Why community data trustees should also be regulated

July 15, 2020

The first draft report of India’s Non-Personal Data Committee suggests democratizing data and introducing a new category of data principal - the community. However, absent guidelines for data trusts, the potential risks of politicization and favoritism within community action groups could result in potential misuse.

This article was first published in The Mint. You can read the original at this link.

When it was first announced, the creation of a Non-Personal Data Committee caused considerable consternation. Never before had any country shown this level of interest in regulating data that wasn’t personally identifiable, and the implications on data-driven businesses were bound to be significant. In the course of the many months during which it worked, the Kris Gopalakrishnan committee stayed steadfastly out of the public gaze, surfacing only behind closed doors to meet with select stakeholders who were invited to make presentations on specific aspects of non-personal data and how it should be regulated. Which is probably why, when the report was finally made public last Sunday evening, it just materialised, silently and without flourish, on the MyGov website.

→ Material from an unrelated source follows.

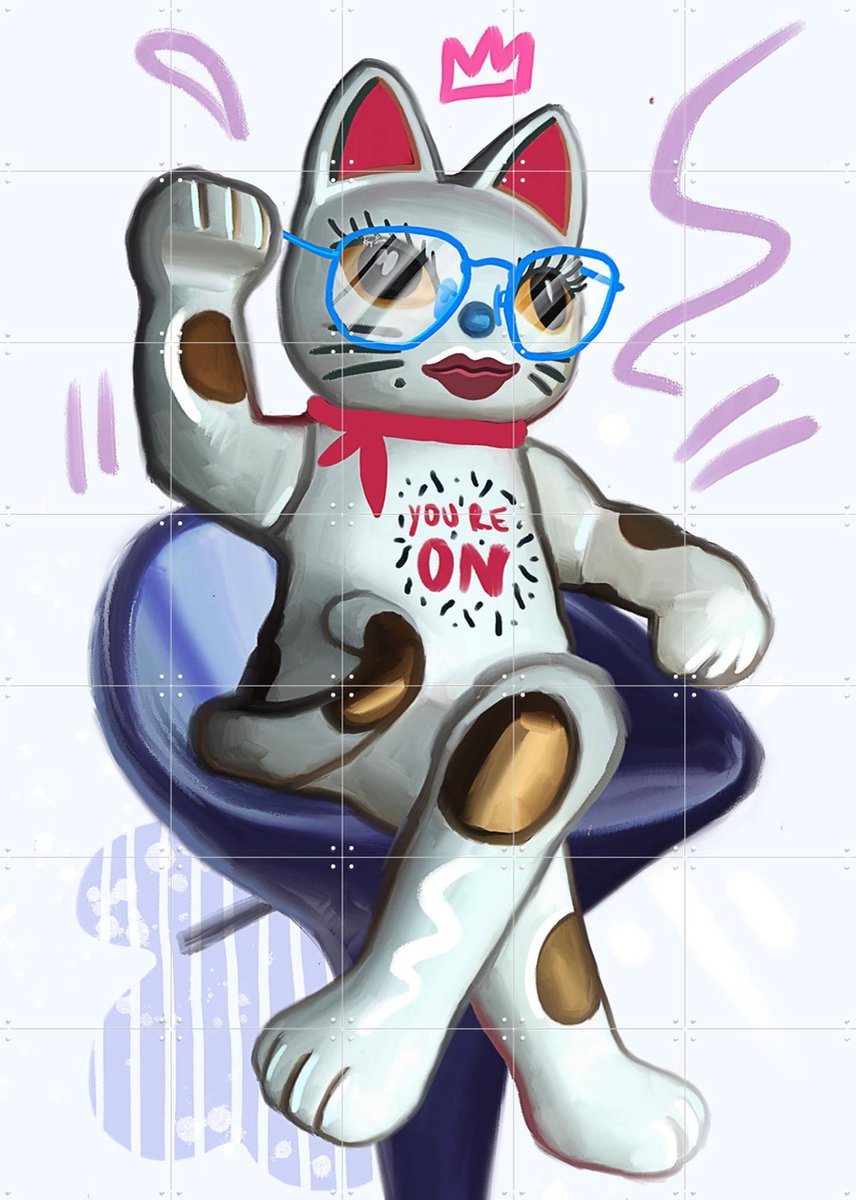 IXXI Lucky Cat II, Pop-art by Tadej - 100 x 140 cm - Gratis ophangtool - Grote wanddecoratie en posters - Pop art, Speels, Digitale Kunst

In terms of rationale, the report doesn’t stray far from the expected. It argues that data companies have only been able to secure a first-mover advantage because the data environment in India has, so far, been unregulated. This has allowed them to accumulate vast lakes of data that they have then used as a moat to keep new entrants out. This, in turn, has resulted in the creation of data monopolies with such a disproportionate data advantage that even the Indian government has been unable to shake them. The report goes into detail about the risks of leaving non-personal data unregulated—the fact that individuals can be re-identified even after their data has been anonymized, and that large data companies can easily derive personally identifiable insights even from aggregated data sets.

The main focus of the report is to suggest ways in which the value of all non-personal data currently being stored in data silos (whether controlled by the government or private enterprise) can be unlocked. Conceptually, this is an approach that is hard to argue with. After all, if it is possible to unlock more value from data than is currently being done without diminishing the value that the original data collectors derive from it, there is no reason why we should not do so. Data is non-rivalrous, which means is that it can be re-used ad-infinitum without any degradation in value. That being the case, it stands to reason that it should be possible for greater value to be unlocked from data silos than is currently being done.

The trouble with this approach is that one of the main reasons why data collectors collect and maintain vast stores of user generated data is because of the ability this gives them to monetize the underlying value of these data sets. If data is democratized, will data collectors simply lose the incentive to collect? The report seems to proceed on the assumption that this would not be the case, trusting that the requirement to make raw user data freely accessible will simply be yet another constraint that data businesses will learn to deal with.

One of the mechanisms that the report has suggested for the purpose of unlocking value from existing stores of user data is the creation of a new category of data principal: the community. The report defines a community as a group of people bound by common interests and involved in social or economic interactions. A data trust representing any such group of people will be able to make a request for any non-personal data currently being held by a data custodian so that it can be accumulated in trust for and on behalf of the entire community. Once these datasets are accumulated, the data trustee will make use of this non-personal data on behalf of the community.

While this is all well and good, what I found missing from the report was a set of rules and guidelines that describe the framework within which data trusts and their respective trustees would be required to operate.

The report seems to have assumed that data trusts will always act in the best interests of the communities they represent. However, we know from lived experience that this is not the way things always pan out. Community action groups are easily and often politicized. Even though they start out with noble objectives, they often stray from that path, and end up catering to the interests of a few powerful individuals, instead of the community at large as originally intended.

If we are going to create a brand new trustee and invest it with the ability to determine what can or cannot be done with our non-personal data, we must articulate the framework within which this trustee has to function. This should, at the very least, include an obligation to always act in the best interests of the community at large with appropriate penalties for failing to do so or showing favour to select members of the community. We should take the trouble to set up systems which ensure that all actions taken by a data trustee vis-a-vis non-personal data are taken transparently, in a public and auditable manner.

I can see why the committee felt the need to articulate a community interest in non-personal data that is distinct from the individual interest. Certain types of data have a different value in the community context, and that should be catered to. However, unless we clearly articulate how the data trustee is expected to behave, there is a risk in vesting a data trustee with the authority to deal with non-personal data on our behalf. We should take care to ensure that in our attempt to loosen the stranglehold that big data companies have over our non-personal data, we don’t end up exchanging one giant evil for many small ones.